Task objective =>
Ignoring the pictures, copy the data exactly.
Top of Given information
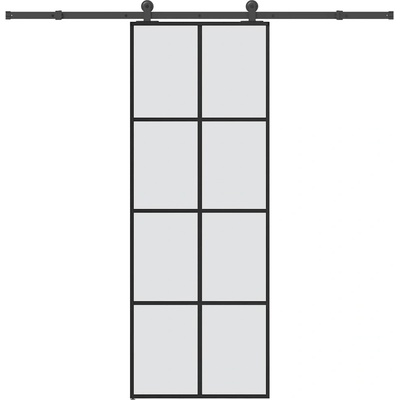 vidaXL Плъзгаща се врата с обков 76x205 см ESG стъкло и алуминий (3332888)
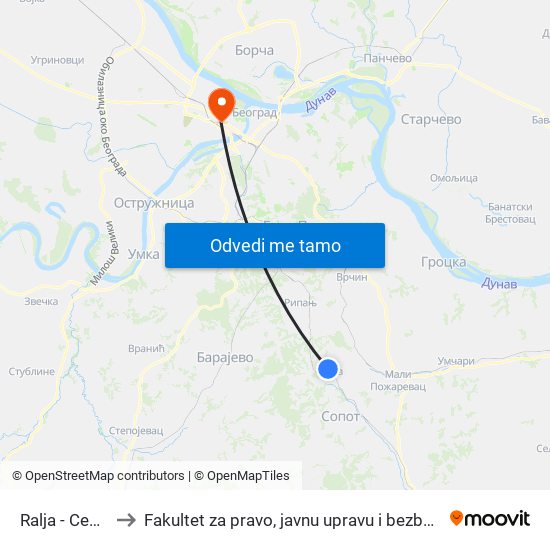 Ralja - Centar to Fakultet za pravo, javnu upravu i bezbednost map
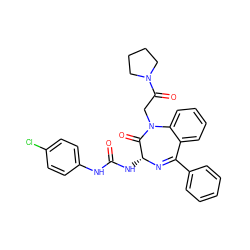 O=C(Nc1ccc(Cl)cc1)N[C@H]1N=C(c2ccccc2)c2ccccc2N(CC(=O)N2CCCC2)C1=O ZINC000013732675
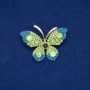 Sale! Butterfly Brooch, Gold-Tone Metal, Green and Blue Rhinestones, Beads 34x50mm +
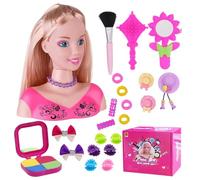Testa della bambola per acconciatura 35pcs/set Styling Head Bambola per bambini Imparare immaginativo e trucco Funge giocattoli da gioco per ragazze, regali per ragazze, set 1, per capelli per capell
Bottom of Given information
Task output =>
 vidaXL Плъзгаща се врата с обков 76x205 см ESG стъкло и алуминий (3332888)
 Ralja - Centar to Fakultet za pravo, javnu upravu i bezbednost map
 O=C(Nc1ccc(Cl)cc1)N[C@H]1N=C(c2ccccc2)c2ccccc2N(CC(=O)N2CCCC2)C1=O ZINC000013732675
 Sale! Butterfly Brooch, Gold-Tone Metal, Green and Blue Rhinestones, Beads 34x50mm +
Testa della bambola per acconciatura 35pcs/set Styling Head Bambola per bambini Imparare immaginativo e trucco Funge giocattoli da gioco per ragazze, regali per ragazze, set 1, per capelli per capell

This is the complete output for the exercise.